В сумерки на берег выходили чернокожие люди; они возвращались в деревню, нагруженные снопами проса. Рыбаки, окруженные шумной толпой женщин и детей, собирали свои сети. В Сенегале был просто сказочный улов: сети рвались под тяжестью рыбы всевозможных видов; негритянки уносили ее на головах полными корзинами; чернокожие дети возвращались домой, увенчанные гирляндами толстых рыб. В толпе попадались колоритные фигуры прибывших из глубины страны людей, живописные караваны мавров и феллахов из Берберии; и на каждом шагу — самые неожиданные картины под раскаленным добела тропическим солнцем.

Верхушки голубых дюн постепенно розовели; последние низкие лучи опускались на эту страну песка; солнце угасало среди багровых испарений, и в этот момент весь черный народ приникал лицом к земле, творя вечную молитву.

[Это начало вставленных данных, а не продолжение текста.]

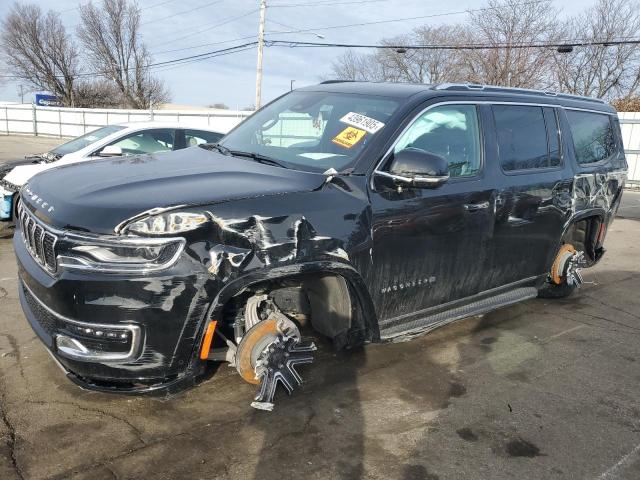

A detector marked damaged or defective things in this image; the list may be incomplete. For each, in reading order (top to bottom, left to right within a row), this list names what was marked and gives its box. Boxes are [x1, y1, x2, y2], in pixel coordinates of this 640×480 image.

shattered headlight [58, 233, 185, 272]
shattered headlight [122, 211, 208, 235]
crumpled hood [22, 148, 328, 234]
crashed black suv [12, 81, 628, 408]
broken bumper [15, 232, 214, 394]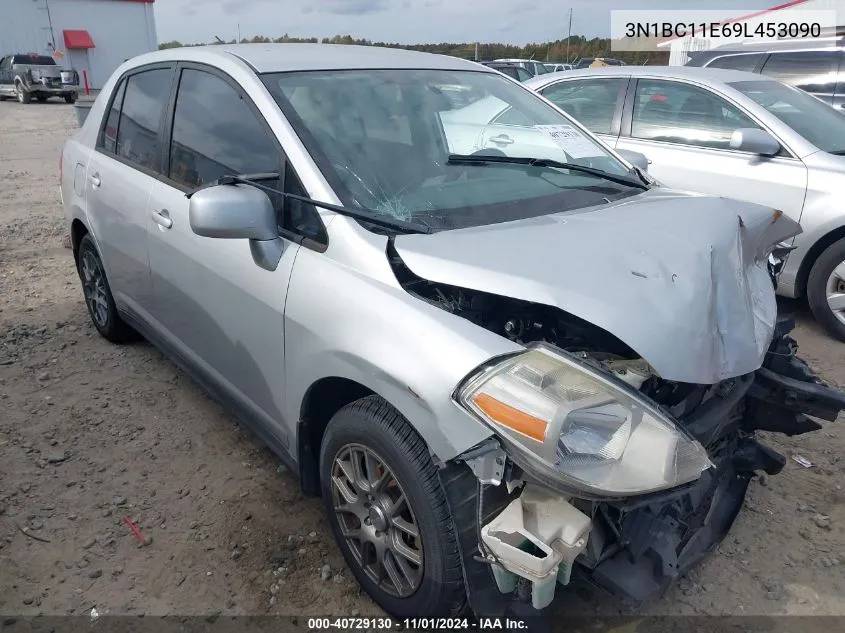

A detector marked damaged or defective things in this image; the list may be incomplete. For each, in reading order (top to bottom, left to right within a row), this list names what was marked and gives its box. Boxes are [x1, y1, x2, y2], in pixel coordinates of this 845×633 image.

cracked windshield [264, 70, 640, 228]
crumpled hood [392, 188, 800, 382]
broken headlight [454, 344, 712, 496]
damaged front end [442, 320, 844, 612]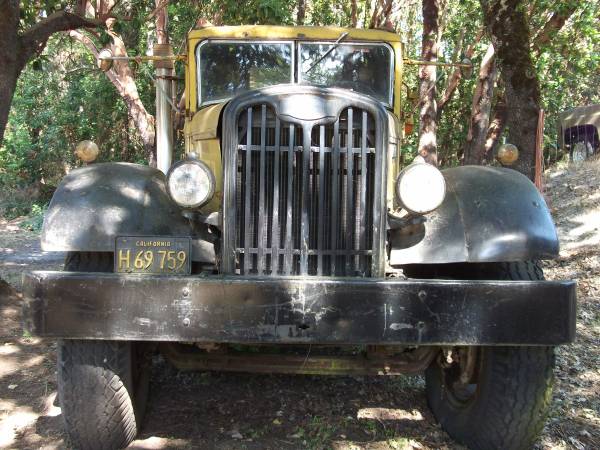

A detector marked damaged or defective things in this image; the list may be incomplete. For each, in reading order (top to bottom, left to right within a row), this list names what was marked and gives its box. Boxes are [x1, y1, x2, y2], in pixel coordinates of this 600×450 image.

rusty metal surface [392, 164, 560, 264]
rusty metal surface [24, 270, 576, 344]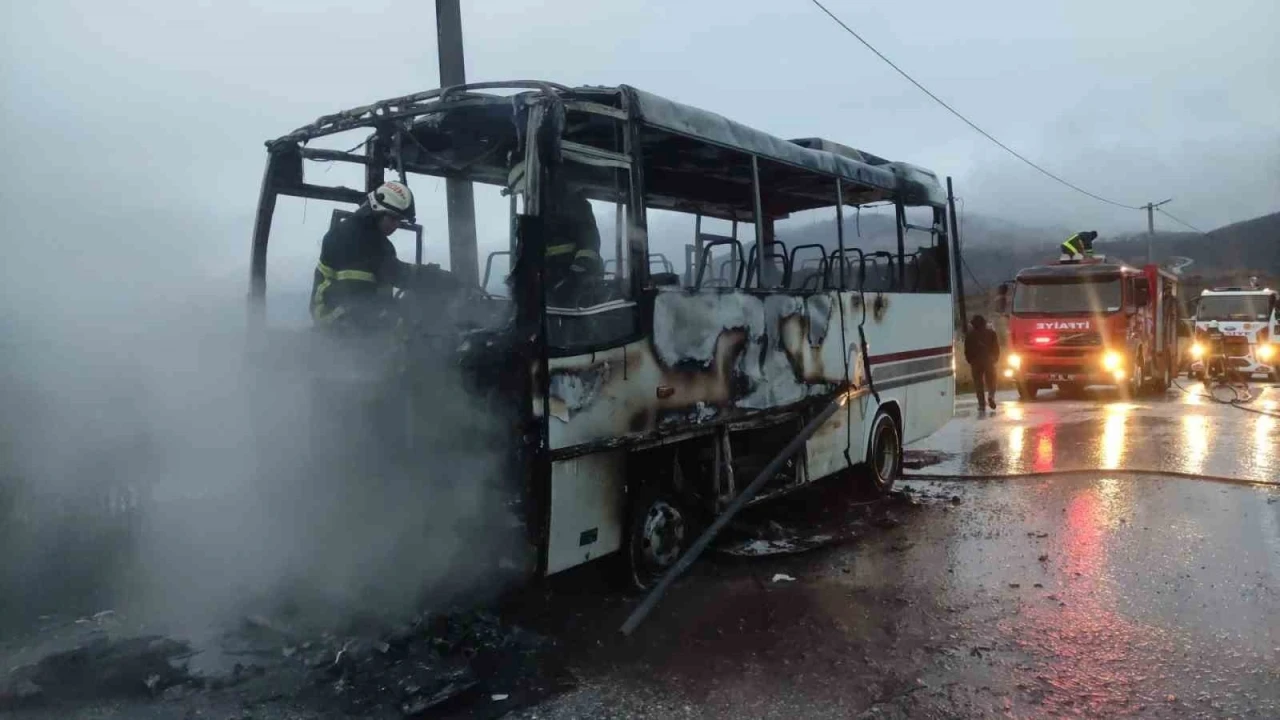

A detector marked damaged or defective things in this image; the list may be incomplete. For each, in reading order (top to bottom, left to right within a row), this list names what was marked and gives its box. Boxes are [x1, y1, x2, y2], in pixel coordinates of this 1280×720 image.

burned bus [244, 82, 957, 589]
charred bus roof [259, 80, 947, 217]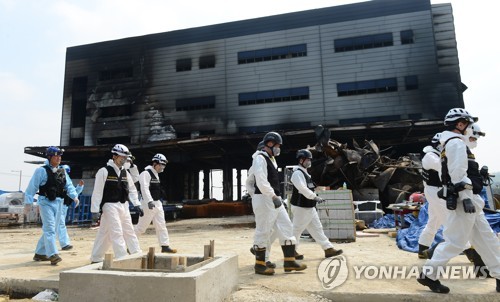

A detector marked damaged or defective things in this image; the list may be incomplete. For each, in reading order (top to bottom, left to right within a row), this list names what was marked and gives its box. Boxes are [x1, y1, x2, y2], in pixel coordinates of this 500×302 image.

burned building [25, 0, 464, 203]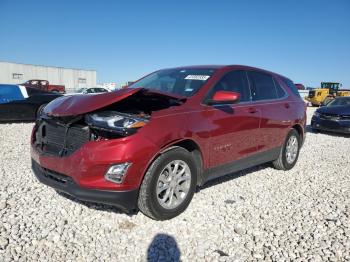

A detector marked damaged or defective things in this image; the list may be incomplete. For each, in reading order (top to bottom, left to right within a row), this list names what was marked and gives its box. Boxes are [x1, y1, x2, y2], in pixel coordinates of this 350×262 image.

damaged front hood [44, 88, 185, 116]
cracked headlight [86, 111, 150, 135]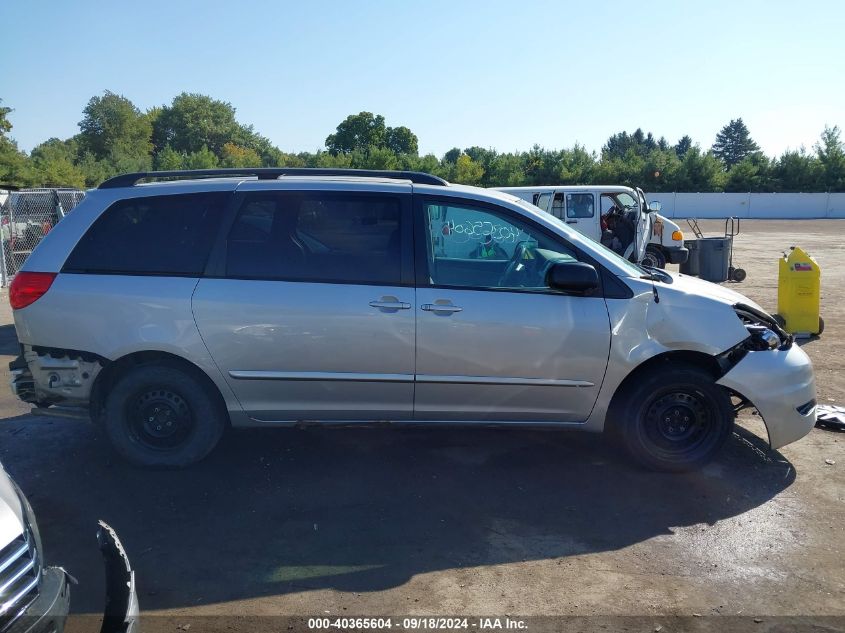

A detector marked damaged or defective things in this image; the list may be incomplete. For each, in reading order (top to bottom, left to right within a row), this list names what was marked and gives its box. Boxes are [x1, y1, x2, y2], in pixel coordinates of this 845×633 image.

damaged front end [9, 346, 105, 414]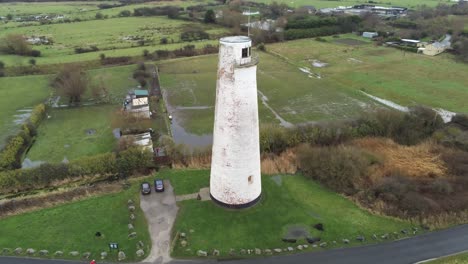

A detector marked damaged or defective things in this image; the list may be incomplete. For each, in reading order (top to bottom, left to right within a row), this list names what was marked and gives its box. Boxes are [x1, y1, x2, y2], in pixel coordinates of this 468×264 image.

peeling paint on tower [210, 35, 262, 208]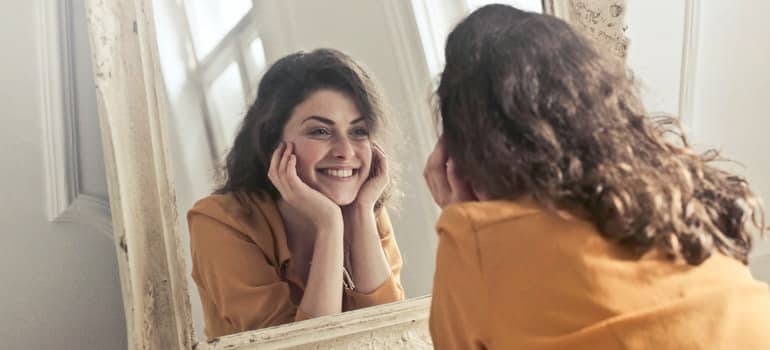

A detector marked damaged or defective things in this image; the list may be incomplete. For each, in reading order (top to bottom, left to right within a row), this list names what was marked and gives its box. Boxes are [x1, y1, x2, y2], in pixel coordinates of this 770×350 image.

chipped white paint [78, 1, 592, 348]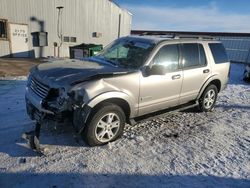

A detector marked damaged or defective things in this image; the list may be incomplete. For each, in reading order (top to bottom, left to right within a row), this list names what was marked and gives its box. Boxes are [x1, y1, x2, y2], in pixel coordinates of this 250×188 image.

dented hood [30, 59, 130, 86]
damaged suv [25, 35, 230, 147]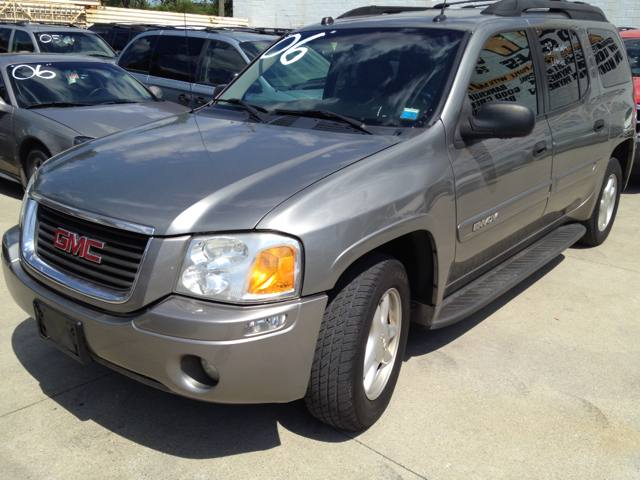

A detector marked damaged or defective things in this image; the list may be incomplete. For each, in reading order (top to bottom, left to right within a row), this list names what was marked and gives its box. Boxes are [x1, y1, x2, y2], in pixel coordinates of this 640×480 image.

cracked pavement [0, 177, 636, 480]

Это священный час ислама: от Мекки и до западного побережья имя Магомета, повторяемое из уст в уста, проносилось через всю Африку; проходя через Судан, оно постепенно стихало, чтобы окончательно замереть на черных губах здесь, на берегу необъятного волнующегося моря. Старые иолофские жрецы в развевающихся одеждах, повернувшись лицом к темному морю, читали свои молитвы, склонившись челом к песку, и весь берег покрывался распростертыми людьми. Воцарялась мертвая тишина, и быстро спускалась ночь, как это обычно бывает в тропиках.

С наступлением вечера Жан возвращался в казармы спаги в южной части Сен-Луи. В громадном белом зале, открытом вечернему ветру, все было спокойно и тихо. Вдоль голых стен рядами стояли нумерованные койки, теплый морской ветерок шевелил кисею пологов. И никого. Жан возвращался в тот час, когда остальные, в поисках удовольствий и любовных приключений, рассыпались по пустынным улицам города. Это были часы, когда опустевшая казарма казалась ему особенно печальной, и он вспоминал свою мать.

VI

В южной части Сен-Луи встречаются старые кирпичные арабские дома; окна в них освещаются по вечерам и отбрасывают на песок дорожек красный свет даже в те часы, когда все в городе спит. Оттуда доносится смешанный запах негров и алкоголя, усиленный жарой и по ночам раздается адский шум. Там хозяйничали спаги; туда несчастные солдаты в красных куртках приходили пошуметь, пытаясь найти забвенье, напиться с горя или из удальства; там растрачивали они, в сомнительных наслаждениях, свою молодость. В этих притонах их ждали отвратительные проститутки; безумная вакханалия, разжигаемая абсентом и африканской жарой.

Но Жан в ужасе бежал от этих мест наслаждения. Он был очень благоразумен и откладывал свои небольшие деньги, предназначая их для счастливого часа своего возвращения. Однако его благоразумие не вызывало насмешек товарищей.

Красавец Мюллер, рослый эльзасец, за свое прошлое, полное дуэлей и приключений, служивший примером для подражания спаги, чувствовал к Жану большое уважение, и все разделяли мнение Фрица. Но настоящим другом Жана был Ниаор-фалл, чернокожий спаги, гигант-африканец великолепной фута-диалонкейской национальности. У него было странное, невозмутимое лицо с тонким, арабским профилем и таинственной улыбкой на тонких губах — как у великолепной статуи черного мрамора.

Он-то и был настоящим другом Жана; он приводил его в свою квартиру в Гет-н’даре, усаживал на белые циновки среди своих жен и предлагал негритянское угощение: kouss-kouss и gou-rous.

VII

Вечерами в маленьком провинциальном Сен-Луи текла однообразная жизнь. В хорошее время года на тихих улицах было чуть оживленней. После захода солнца женщины, не заболевшие лихорадкой, прогуливались, демонстрируя туалеты, по площади Управления или в аллеях желтых пальм Гет-н’дара. Это придавало далекой стране европейский оттенок.

Обширная площадь Управления, окруженная симметрично расположенными белыми зданиями, была почти как в каком-нибудь южном европейском городе, если бы не этот необъятный песчаный горизонт, бесконечная равнина, лежащая вдали.

Редкие гуляющие были знакомы и разглядывали друг друга. Жан смотрел на этих людей, а они на него. Красивый спаги, одиноко прогуливавшийся с таким строгим и серьезным видом, интересовал обитателей Сен-Луи, подозревавших в его жизни какое-то романтическое приключение.